Christopher: Let me start with big pharma and how that’s changed. I think we’re all conscious of the fact that big pharma has been through a massive transition period.

I don’t think it started with the economic downturn prompted by the collapse of Lehmans. It was long before then, when it started to become clear that there were really two dynamics - one push and one pull.

The R&D pipeline that traditionally had made pharma so successful needed to be singularly more differentiated which leads to the pull factor; so that both from a regulatory perspective and perhaps more importantly from a buyer’s perspective, the payer has been insisting on there being considerably greater differentiation from the output of big pharma than the industry has traditionally been used to if it is going to get funding from the public purse. Obviously, in the UK that is the NHS but in other countries they will do it by other mechanisms.

The big change therefore is that no longer has big pharma been able to rely entirely on its own R&D and a relatively non-discriminating payer, as the regulator has become tougher for all the right reasons to ensure patients’ safety and efficacy of the drugs is very sound.
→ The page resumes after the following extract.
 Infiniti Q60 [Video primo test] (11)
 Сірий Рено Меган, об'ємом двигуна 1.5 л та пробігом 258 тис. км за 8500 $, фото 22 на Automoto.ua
What has happened is that in many respects, whilst those businesses which have been dependent on big pharma have been through some quite tough times, a lot of them have I think a very exciting future and a real opportunity there.

I am referring to the world of biotech and I’ll use the UK definition of biotech, as the smaller companies which may be start ups or certainly non revenue generating and tend to be a series of R&D projects. There’s been a huge disadvantage to those companies caused by the fact that the world’s stock markets have become much more risk averse and particularly the European stock markets when it comes to biotech, so there are not the IPOs as a form of exit which used to be a great reason for funding because you could see an exit as a VC.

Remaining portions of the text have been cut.